Experts Find Nothing Marvelous in Alaska
Wheat
They sent Adams and Slagle over to the
Bureau of Plant industry, in Tama, Jim Wilson's department, to show Dr.
Galloway and his experts what the cereal marvel could do. Now, it takes a
mightyiIndustrious plant to startle the Plant Industry Bureau, which on January
20, 1909, advised the Postoffice Department that there was no evidence to show
that Alaska wheat was anything but the well-known Seven-Headed Egyptian, or Mummy,
wheat, already cultivated in a small way in the Northwest. It appeared to be analagous
[sic] to Little Club in yielding qualities, which at best is ranked about half
way between the best and the poorest of milling wheats. Farmer Adams was told
that if he could give Alaska wheat its right name, state that it was to be
ranked with Little Club, both in quality, average yield and breadmaking properties,
the department would have no objection to his selling it.
On February 25, Adams made an affidavit to
the Postoffice Department, in which he agreed to allow the mail that had
accumulated at Julietta to be confiscated, promised to destroy the circulars
that he had on hand and also promised that if any new ones should be issued
they should be in accordance with the views of the Agricultural Department.
Bobs Up Again at Rate of 206 Bushels to the
Acre.
But Alaska wheat was not to be thus
summarily cheated of its bright future—as a mail order proposition.
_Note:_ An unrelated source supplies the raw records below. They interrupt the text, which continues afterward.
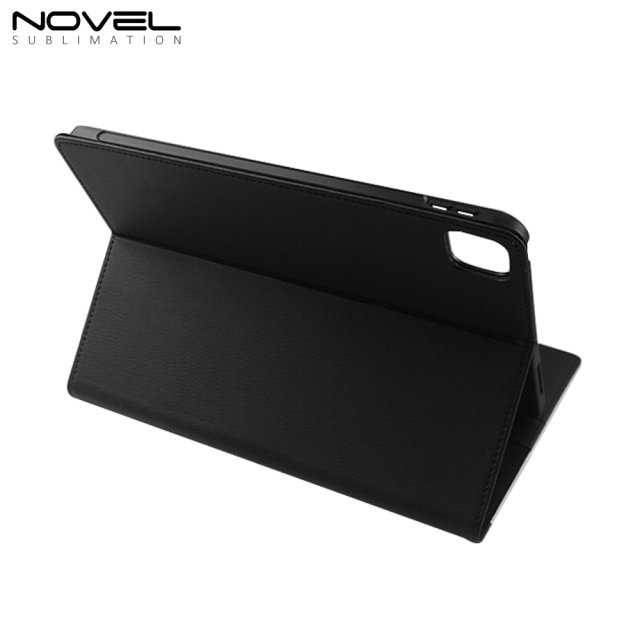 New Arrival Sublimation Tablet Cover PU Leather Case for iPad 11 2020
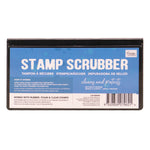 Stamp Scrubber - washable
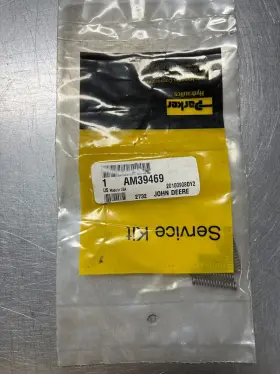 Am39469 John Deere Parker Service Spring Kit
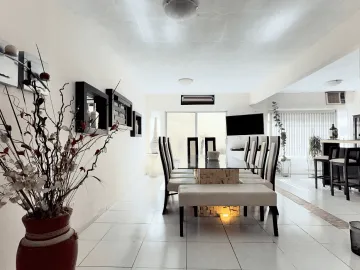 Casa en venta en Prados Agua azul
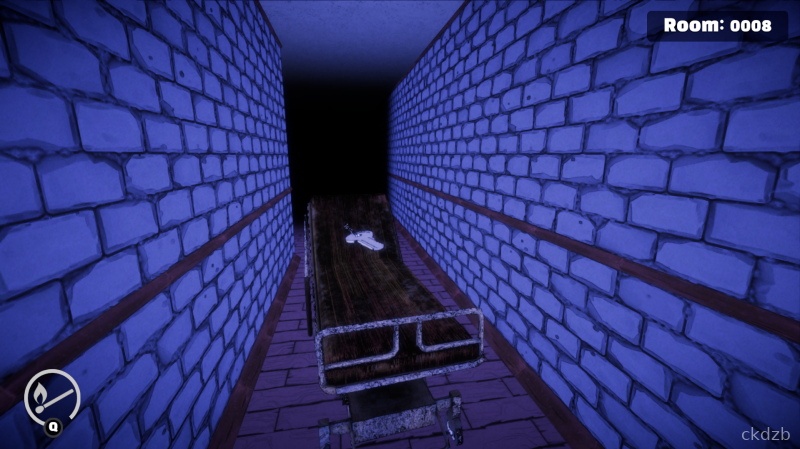 Macabe Hall 2 Screenshot 2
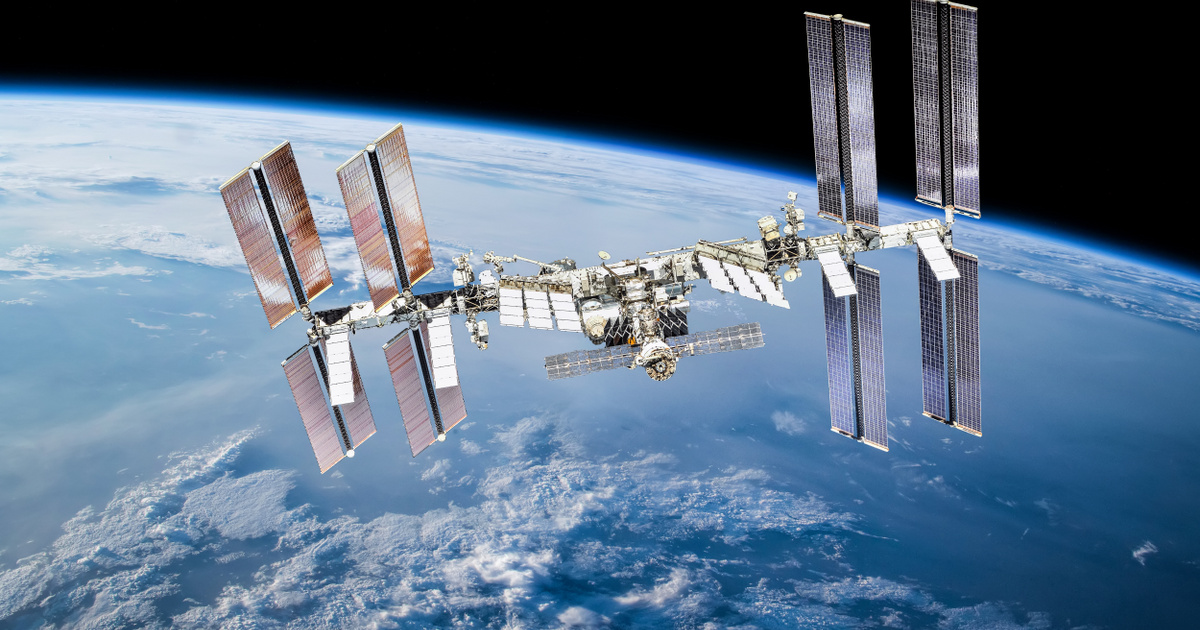Inicio – Ciencia Técnica – Los astronautas deben ser rescatados de la Estación Espacial Internacional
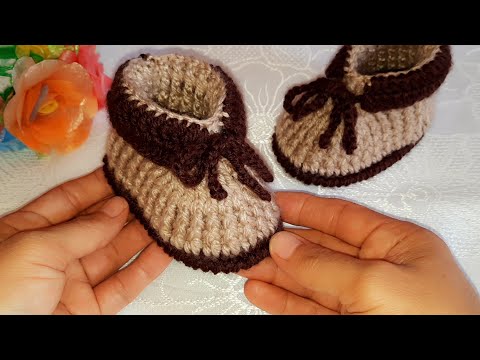 Видео: 3-6 оylik chaqaloqlar uchun Pinetka to'qish/Пинетка туқиш крючокда/Вязание пинетки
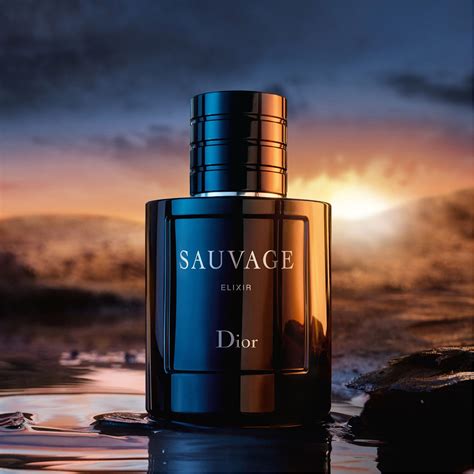 dior sauvage alixir|Dior Sauvage Elixir best price.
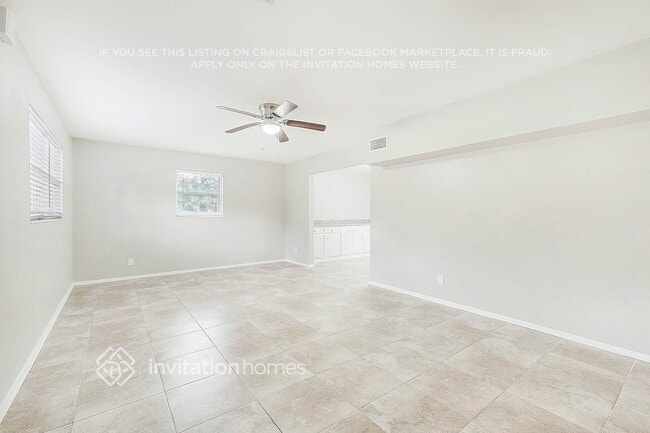 Building Photo - 2607 Hugh Edwards Dr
On April 5
following, the Agricultural Department tipped off the Postoffice Department
that a circular was going out over the name of the Alaska Wheat Seed Grain
Company, of Julietta, Idaho, and St. Paul, Minn. It was the same old
friend—Alaska wheat, now running as high as 206 bushels to the acre in Idaho,
and selling, gentlemen, for the small sum of $20 per bushel. E. H. Hobe, brother
to son-in-law O. K. Hobe, was running the St. Paul office. It was a perfectly
good circular, with pictures and promises and injunctions like this:
DON'T WASTE TIME
Start Your Fields to Bringing You Big Money.
30,000,000 of Acres are Waiting for Alaska Wheat Seed.
Well, the Post Office Department acted sort of short and suddenlike. On April
19, 1909, it clapped a fraud order on the company and put an end to the mail
business. The 30.000,000 acres are still waiting. Not only was it a fraud,
declared Assistant Attorney General R. P. Goodwin, but it was a violation of
promises made to the department, because the company had submitted one
innocuous circular to the Government authorities and then issued an entirely
different one to the public. Mr. Goodwin decided that the scheme could be
treated "only as a deliberate and intentional scheme to defraud a
credulous public."
So ends the story of Farmer Adams and the
bead of wheat presented to him by the mysterious stranger from British
Columbia. In one of his circulars Farmer Adams admitted that he had heard of such
a thing as Miracle Wheat, and Seven Headed Wonder, and Egyptian Mummy, but he
did not claim to know anything about them. All he knew was Alaska wheat. Simple
arithmetic shows that Miracle Wheat must be three times as good as Alaska
wheat, because it costs three times as much. Just what the Post Office
Department may or may not do to Miracle Wheat its hard hearted officials will
not say. But over in the Bureau of Plant Industry even the stenographers giggle
when you ask about it.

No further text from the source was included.